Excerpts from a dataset

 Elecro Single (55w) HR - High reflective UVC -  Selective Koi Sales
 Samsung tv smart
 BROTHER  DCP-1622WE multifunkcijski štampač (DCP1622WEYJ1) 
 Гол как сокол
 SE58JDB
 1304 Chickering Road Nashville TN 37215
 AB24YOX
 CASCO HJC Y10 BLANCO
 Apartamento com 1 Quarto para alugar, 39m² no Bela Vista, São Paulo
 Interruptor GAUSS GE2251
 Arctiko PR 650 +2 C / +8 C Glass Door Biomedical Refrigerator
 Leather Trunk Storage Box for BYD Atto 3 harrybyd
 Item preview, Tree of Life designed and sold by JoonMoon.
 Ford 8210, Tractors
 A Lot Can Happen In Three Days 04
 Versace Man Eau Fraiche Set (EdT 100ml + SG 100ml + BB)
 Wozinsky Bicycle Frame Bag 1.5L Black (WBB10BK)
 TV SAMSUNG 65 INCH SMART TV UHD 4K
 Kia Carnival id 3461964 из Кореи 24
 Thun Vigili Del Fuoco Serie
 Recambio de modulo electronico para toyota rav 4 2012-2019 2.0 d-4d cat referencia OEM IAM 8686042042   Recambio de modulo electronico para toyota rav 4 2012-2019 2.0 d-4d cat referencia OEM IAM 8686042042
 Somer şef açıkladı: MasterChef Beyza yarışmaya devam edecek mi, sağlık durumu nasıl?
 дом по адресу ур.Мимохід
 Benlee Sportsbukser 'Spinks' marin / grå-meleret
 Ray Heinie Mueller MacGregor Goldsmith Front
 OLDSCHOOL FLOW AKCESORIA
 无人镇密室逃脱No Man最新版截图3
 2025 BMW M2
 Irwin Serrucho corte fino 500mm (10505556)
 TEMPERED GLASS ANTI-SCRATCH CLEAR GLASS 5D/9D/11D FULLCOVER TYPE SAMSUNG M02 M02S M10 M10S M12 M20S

- WHAT THE TASK REQUIRES
Give exactly the lines from the one with "Somer şef açıkladı: MasterChef" to the end of the entries, nothing before them.

- OUTPUT BELOW
 Somer şef açıkladı: MasterChef Beyza yarışmaya devam edecek mi, sağlık durumu nasıl?
 дом по адресу ур.Мимохід
 Benlee Sportsbukser 'Spinks' marin / grå-meleret
 Ray Heinie Mueller MacGregor Goldsmith Front
 OLDSCHOOL FLOW AKCESORIA
 无人镇密室逃脱No Man最新版截图3
 2025 BMW M2
 Irwin Serrucho corte fino 500mm (10505556)
 TEMPERED GLASS ANTI-SCRATCH CLEAR GLASS 5D/9D/11D FULLCOVER TYPE SAMSUNG M02 M02S M10 M10S M12 M20S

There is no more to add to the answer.